Au Bangladesh, 35.000 ouvriers meurent chaque année sur leurs lieux de travail et 8 millions sont victimes d’accidents professionnels. Les violences sexuelles sont monnaie courante, plusieurs millions de lieux de travail échappent au contrôle des services d’inspection du travail du gouvernement, tandis que les travailleurs sont piégés dans des emplois aux salaires de misère. Cinq travailleurs sont morts lors d’un incendie qui s’est déclaré dans une usine de chaussures à Dhaka, au moment même où le gouvernement préparait son rapport à soumettre à l’OIT.

Le Conseil d’administration de l’OIT a accepté que le gouvernement du Bangladesh fasse état des progrès réalisés dans le cadre de la mise en œuvre de la feuille de route en mars 2022 et a décidé de reporter à novembre 2022 sa décision concernant les mesures devant être prises à la suite de la plainte introduite en vertu de l’article 26.

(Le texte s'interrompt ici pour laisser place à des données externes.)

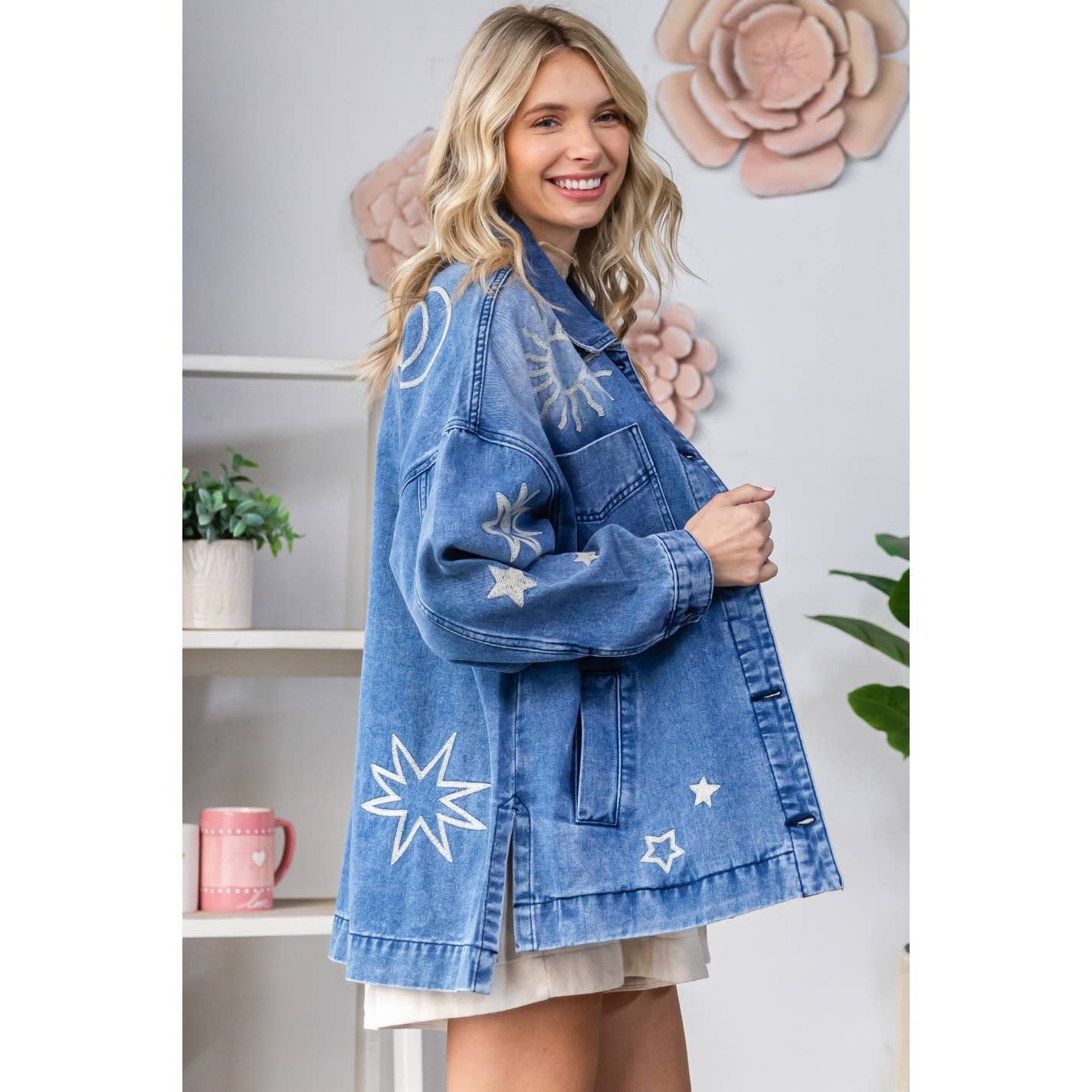 Lavaggio medio Giacca in denim ricamata in vendita all'ingrosso su Faire6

Une plainte au titre de l’article 26 entraîne les sanctions les plus sévères que l’OIT peut infliger à un pays pour violation des droits des travailleurs.

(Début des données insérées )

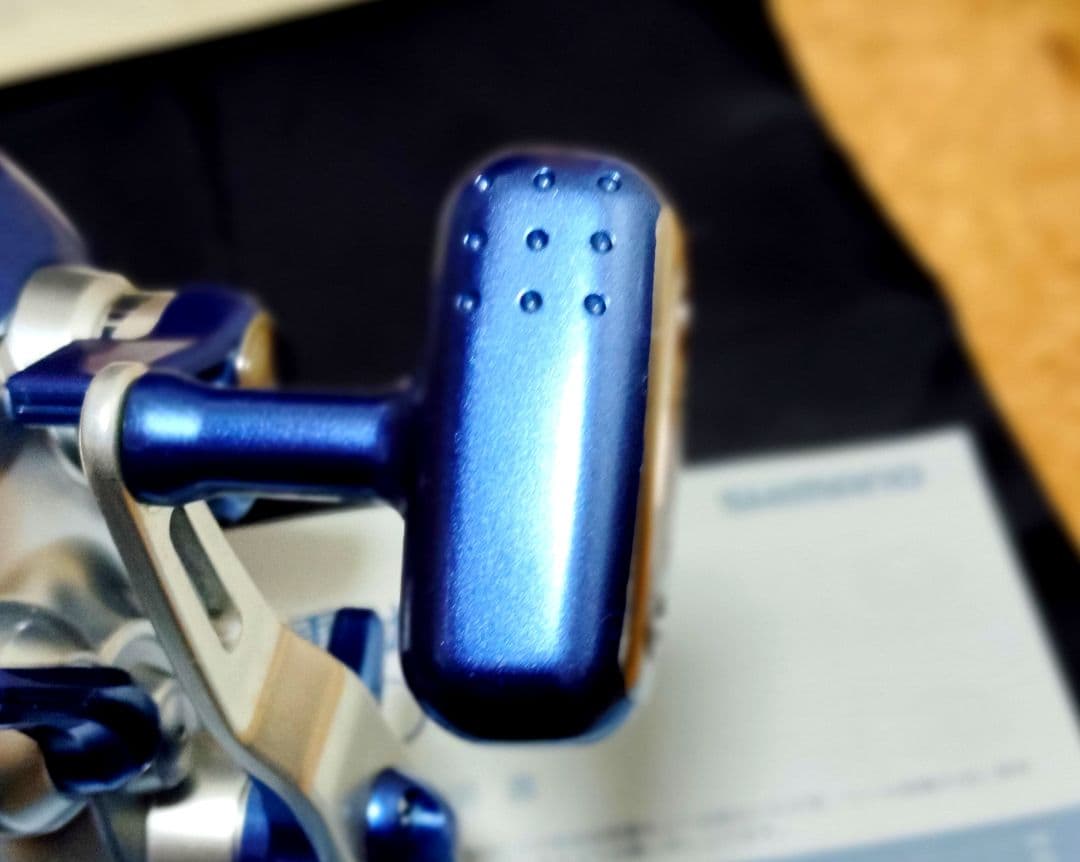 電動リール シマノ 電動丸 3000H 未使用なのでピカピカです。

Sharan Burrow, secrétaire générale de la CSI, a déclaré : « Chaque jour supplémentaire met en péril la vie des travailleurs. La mise en œuvre de la feuille de route permettra d’établir un socle pour les droits de tous les travailleurs du Bangladesh. Le gouvernement doit donc absolument se fixer un calendrier pour implanter les changements définis par les travailleurs et leurs syndicats.

Le gouvernement du Bangladesh doit tenir les employeurs responsables du manque de sécurité sur les lieux de travail et reconnaître que les syndicats sont là pour réclamer la justice pour les travailleurs et protéger leur sécurité. Les syndicats doivent être reconnus dans tous les secteurs de l’économie. »

Les revendications de la CSI sont les suivantes :

  • Mise en œuvre immédiate d’une commission tripartite pour engager le dialogue social, base des relations professionnelles modernes.
  • Nouveau système alternatif pour la résolution des conflits, afin de répondre aux réclamations, rouvrir les dossiers en attente et restaurer la confiance des travailleurs.
  • Salaire minimum, basé sur des données factuelles, pour tous les travailleurs, dans tous les secteurs.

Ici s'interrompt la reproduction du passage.